Read the full United Autosports press release below.

Audi’s 1988 Trans-Am Series winning 200 quattro will take to the track again in earnest after a full and complete restoration by United Autosports. Zak Brown, the Chief Executive Officer of McLaren Racing, and fellow United Autosports co-owner Richard Dean, share the Audi at the Rolex Monterey Motorsports Pre-Reunion and Reunion events this month. The annual gathering features over 500 historic and period-correct race cars from nearly every era competing on the 2.24-mile Laguna Seca track and so it’s truly fitting that the Audi should return to race-action Stateside.

The Leeds-based Anglo-American team is well known around the race tracks of the world. Launched at West London Audi in April 2010, United went on to race the R8 GT3 for numerous years. Having turned its attention to sportscar racing in recent years, former Audi Sport “factory” DTM and sportscar driver Filipe Albuquerque races for them in the European Le Mans Series and at Le Mans nowadays. But a side of the United operation that is not widely known is its ground up restorations that are catered for in-house at its Garforth workshops. United Autosports have proven themselves to be dedicated to sustaining and improving the world of motorsport and vintage cars by carrying out successful restorations on a variety of machinery.

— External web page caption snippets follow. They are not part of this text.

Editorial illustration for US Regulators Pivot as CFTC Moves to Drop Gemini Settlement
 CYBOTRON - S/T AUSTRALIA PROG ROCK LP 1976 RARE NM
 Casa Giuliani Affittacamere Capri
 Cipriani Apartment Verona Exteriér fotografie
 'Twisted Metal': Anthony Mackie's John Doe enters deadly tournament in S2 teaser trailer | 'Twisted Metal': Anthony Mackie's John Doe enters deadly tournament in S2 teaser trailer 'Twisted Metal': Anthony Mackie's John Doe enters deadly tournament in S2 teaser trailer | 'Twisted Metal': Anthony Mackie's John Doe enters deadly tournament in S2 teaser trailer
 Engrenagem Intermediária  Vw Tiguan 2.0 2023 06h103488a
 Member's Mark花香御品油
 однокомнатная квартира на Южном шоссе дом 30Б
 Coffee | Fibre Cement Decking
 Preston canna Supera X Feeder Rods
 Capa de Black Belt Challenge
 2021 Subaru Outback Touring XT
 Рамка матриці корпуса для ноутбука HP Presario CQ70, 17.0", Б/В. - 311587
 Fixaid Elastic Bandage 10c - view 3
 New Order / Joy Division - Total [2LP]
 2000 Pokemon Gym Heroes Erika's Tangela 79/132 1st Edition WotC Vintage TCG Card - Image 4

Equipped with some of the best mechanics and facilities in the business, they have complete ground up restorations on some of the world’s most famous and iconic race cars including the 1980 Formula One World Championship winning Williams FW07 of Alan Jones and a 1986 Porsche 962.

Brown states: “My main criteria when I buy racecars is its history in terms of its success on-track and the Audi continues that trend.” This actual Audi 200 quattro is the chassis that Hurley Haywood swept to championship success, both driver and manufacturer titles, the American scoring 10 top-six finishes including six podiums. Based on the road-going Audi 200 quattro, the racecar delivered 510 bhp from the production 2.1-litre, 5-cylinder KKK turbocharged engine featuring six-speed manual gearbox. Back in the day, the Audi was up against naturally aspirated V8 600 plus bhp American “metal” and Hurley, together with Hans-Joachim Stuck plus at times Walter Röhrl, caused a sensation with less horsepower but massively better traction courtesy of its four-wheel-drive. By the end of the season Audi had won eight of the 13 races prompting organisers to ban all-wheel-drive cars from the series the following year! Zak adds: “The Audi re-wrote the history books in Trans-Am in the late-80s. The quattro drivetrain was so good it was banned! The guys at Audi in Germany confirmed the history of this chassis so I bought it. They were subsequently very helpful to our team in Leeds renovating it over the past year or so.”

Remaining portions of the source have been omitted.